Despasó la cadena de la puerta y luego abrió la puerta y le dejó entrar. Los hombros de él casi abarcaban la totalidad de la entrada. De hecho, su presencia pareció llenar todo el recibidor. Era un hombre grande, alto y de cuerpo fuerte, envuelto en un largo abrigo negro; la  ropa oscura y el pelo negro y sedoso absorbían la suave luz de la lámpara que colgaba del techo. Tenía un porte seguro, casi real, y una expresión grave, como si estuviera más  dotado para dirigir a una legión de caballeros armados que para arrastrarse hasta Beacon Hill para dar consuelo a una mujer que sufría alucinaciones.

—No creí que viniera nadie. Después del recibimiento que me ofrecieron en comisaría este fin de semana, creí que la inteligencia de Boston me habría catalogado como a un caso perdido.

Él ni lo reconoció ni lo negó, simplemente entró con paso seguro y tranquilo en la sala de estar y, en silencio, paseó la mirada por todo el  espacio. Se  detuvo  ante la mesa  de trabajo, donde se encontraban las últimas imágenes que ella había colocado en hileras. Isabella atravesó  la habitación detrás de él y observó la reacción de él ante su trabajo. Él había levantado una ceja oscura mientras estudiaba las fotografías.

—¿ Son suyas ? —le preguntó, dirigiendo sus pálidos y agudos ojos hacia ella.

—Sí —contestó Isabella —. Forman parte de una serie que voy a titular Renovación urbana.

—Interesante.

Él volvió a mirar las fotos y Isabella se sintió súbitamente incómoda ante esa respuesta indiferente  y medida.

—Solamente estoy trabajando con esto ahora mismo... no es nada que pueda ser mostrado todavía.

Él soltó un gruñido de asentimiento sin dejar de observar las fotografías en silencio.

Isabella se acercó, en un intento de captar mejor la reacción de él o su ausencia de reacción.

—Hago mucho trabajo por encargo en la ciudad.
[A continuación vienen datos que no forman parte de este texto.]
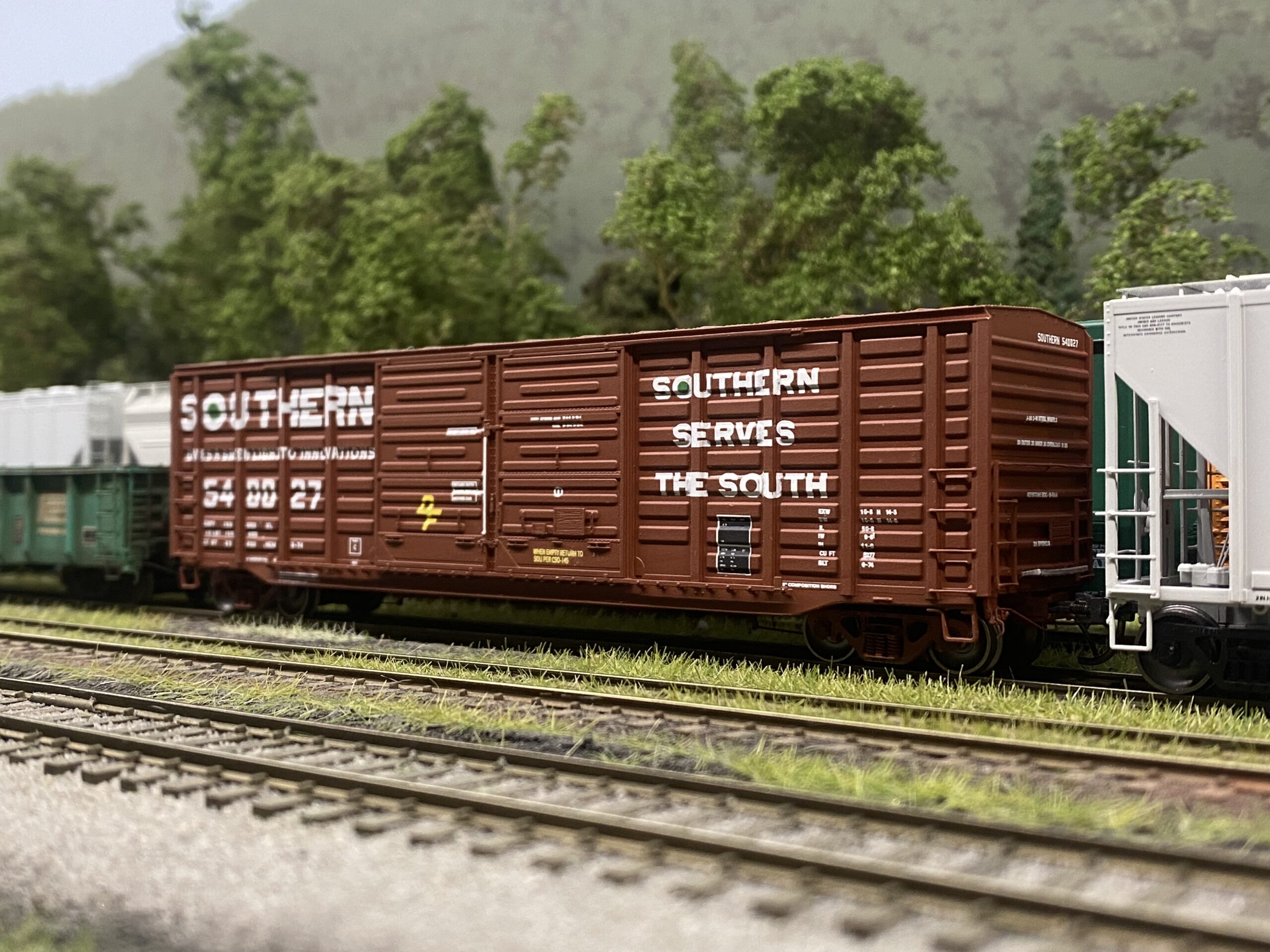 Southern 50'6" double door waffle side boxcar built by Pullman Standard. As built with original doors. Includes "as delivered" decals. - Image 2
De hecho, es probable que haga unas  fotos de la casa del gobernador en Vineyard a finales de mes.

«Cállate», se dijo a sí misma. ¿Por qué estaba intentando impresionar a ese tipo?

El detective Cullen no parecía demasiado impresionado. Sin decir nada, alargó una mano y, con dedos demasiado elegantes para su profesión, con gesto elegante recolocó dos de las imágenes de encima de la mesa. Inexplicablemente, Isabella se imaginó esos largos y hábiles dedos sobre su piel desnuda, enredados entre su pelo,  siguiendo la forma de su nuca... obligándola a echar la cabeza hacia atrás hasta que ésta descansara sobre el fuerte brazo de él  y esos fríos  ojos grises  se la tragaran.
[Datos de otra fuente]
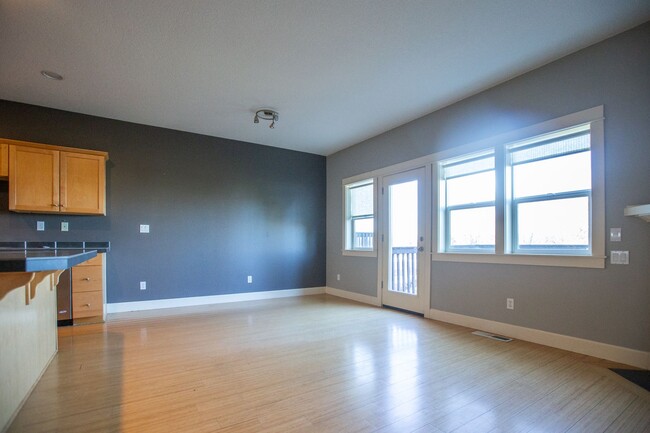 Foto del edificio - North Mt Tabor NE Portland 3 Bedroom 3 Lev...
—Bueno —dijo ella, volviendo a la realidad—. Supongo que preferirá usted ver las fotos que hice fuera del club el sábado por la noche.

Sin esperar ninguna respuesta, fue hasta la cocina y tomó el móvil que se encontraba encima del mármol. Lo activó, abrió una de las fotos en pantalla y ofreció el aparato al detective Cullen.
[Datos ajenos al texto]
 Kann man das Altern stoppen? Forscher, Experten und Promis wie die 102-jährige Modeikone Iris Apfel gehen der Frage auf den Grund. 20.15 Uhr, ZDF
—Ésta es la primera instantánea que hice. Me temblaban las manos, por eso está un poco movida. Y la luz del flash difuminó mucho los detalles. Pero si la observa con atención, verá que hay seis figuras oscuras agachadas en el suelo. Son ellos, los asesinos.

Su víctima  es ese bulto que están maltratando, delante de ellos.

Le estaban... mordiendo. Como animales.

Los ojos de Cullen se mantuvieron fijos en la imagen; su expresión continuó mostrándose adusta, imperturbable. Isabella abrió la siguiente fotografía.

—El flash les sobresaltó. No lo sé, creo que debió de cegarles o algo. Cuando hice las siguientes instantáneas, algunos de ellos se detuvieron y me miraron. No puedo distinguir los rasgos del todo, pero ésta es la cara de uno de ellos. Esas extrañas rayas de luz son el reflejo de sus ojos. — Se estremeció al recordar el brillo amarillento de esos ojos malignos e inhumanos—. Me estaban mirando directamente.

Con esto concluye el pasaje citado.